The company was able to achieve this high revenue only through positive pricing strategy and not through its core business expansion. This raises questions over its future growth as this continuous increase in price is bound to deter the consumers, hence decreasing the overall volume further.

Constant EPS revisions
The company has revised its fiscal year's (2013) EPS guidance downward once again, forecasting it to be in the range of $5.35-$5.40, citing a cautious outlook for European Union and Russia. Sales are forecasted to decrease next year by 7%-8% in the EU and 9%-11% in Russia, as the regional governments are trying to deter smoking through higher excise taxation. Earlier in the year, though, the company revised its EPS guidance upward, estimating it to be in the range of $5.37-$5.42, which is in line with Reuters' expectations. These constant revisions of EPS guidance (twice downwards and once upward) indicate that management is not very sure about Philip Morris' future prospects as its sales volume continues to decline.

Investments
Philip Morris International has recently acquired an additional 20% stake in "Philip Morris Mexico," which will marginally push its revenue upwards. The company has also reached an agreement to acquire 49% interest in Arab Investors TA (AITA). Through this 49% stake, PMI will secure almost 25% economic interest in Société des Tabacs Algéro-Emiratie, a joint venture between AITA and a state-owned Algerian company. This investment is going to enhance PMI's earnings from Algeria, which will be reflective in 2014's results. For the past five years, Algeria has been a key driver of growth of PMI's premium brands. This investment is anticipated to open more doors for additional business opportunities in the region. However, increased bans and higher taxation from governments cannot be ruled out, which will slightly decrease the overall profitability of these investments.

E-cigarette business
Philip Morris International has recognized the electronic cigarette category as its "greatest growth opportunity" and plans to enter its market in 2014. The CEO, Andre Calantzopoulos, mentioned that 2014 is going to be a key investment year for the company as they will invest heavily into research and development to introduce a new line of products called "Reduced Risk," which would cater to growing demand for less harmful smoking alternatives.
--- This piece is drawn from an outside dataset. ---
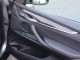2015  X5 xDrive35i in , 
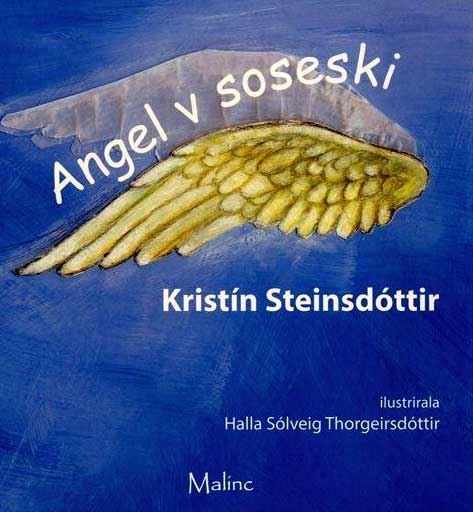 ANGEL V SOSESKI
It seems that the company is betting heavily on the future popularity and growth of electronic cigarettes. There is no universal consensus that e-cigarettes are less harmful than conventional cigarettes due to a lack of any long term scientific evidence. Moreover, the company hasn't tested its products in the market like other tobacco companies. Hence, this heavy investment may not bear fruit any time soon.

Competitors
Reynolds American (RAI) capitalized on the increased demand of smokeless tobacco products, which is evident from an 8.8% increase in profits in the third quarter. The company is benefiting from high pricing and is focusing on its smokeless division. Reynolds has plans to save up on labor cost by reducing its labor force by 10% by the end of 2014. The company has the highest dividend yield but low cash flow and high levels of debt among its peers. This makes the company a riskier investment, as the cash generated through its core operations may not be enough to cover all of its bases.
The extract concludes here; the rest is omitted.